John G. Avildsen
I may be the only person in the world who liked this film, but it's my web page and I can feature what I like.
It helped that I read the book. Neighbors was based on a novel by Thomas Berger, a clever writer best known for his novel Little Big Man (made into a movie starring Dustin Hoffman) and the reversal of sexes novel Regiment of Women. Neighbors an odd novel. Earl Kease lives a perfectly ordinary life in the suburbs, until the new neighbors show up. Harry and Rarmona are wild, unpredictable, and possibly psychotic. Or maybe it's Earl who is psychotic. Harry and Ramona, and Earl's wife and daughter behave irrationally -- except they insist it is Earl who remembers things wrong. It's arbitrary and quite funny with the humor coming from the fact that the characters seem to change personality for no reason at all (except maybe that Earl's grip on reality isn't all that firm).
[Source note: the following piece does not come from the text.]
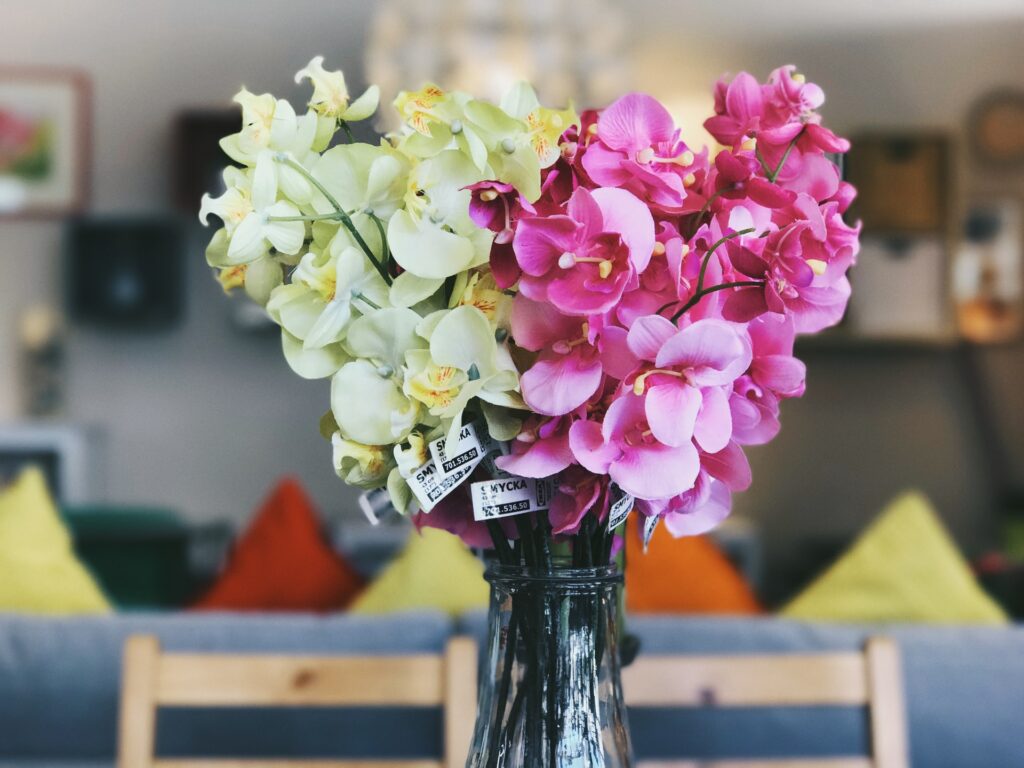 Succulents in a Vase Decor ideas for the living room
The movie was directed by John G. Avildsen, who earlier did Cry Uncle, and I suppose it was something of a coup to get Dan Ackroyd and John Belushi. The casting of Ackroyd as Captain Vic (the character of Harry, renamed from the book) was especially brilliant: he matched the character in the book perfectly. Belushi played Earl, and was quite good as the quiet, normal guy. Oddly enough, the two actors switched parts, but, despite the critics' comments that Belushi would have been better as the wild man Vic, it was very a wise decision. Belushi's just fit the image of Vic/Harry, who was a more psychotic wild man than Senator Blutarski would have been.
The movie does appear to be disjointed, partly because of friction between Ackroyd and Belushi and Avildsen. The two SNL veterans didn't care for Avildson's comic ideas (nor those of writer Larry Gelbart, who also cowrote Movie Movie). It's also due to the fact that the movie tried to be true to the novel, where the characters did bizarre things supposedly without any logical motivation. That may be a turnoff.
Cathy Moriarty, fresh from her Oscar nomination in Raging Bull is also perfect as the sexy Ramona. The movie was John Belushi's last, alas.
If you sit back an accept the idea that the characters are not going to behave logically, though, it's a funny and entertaining film.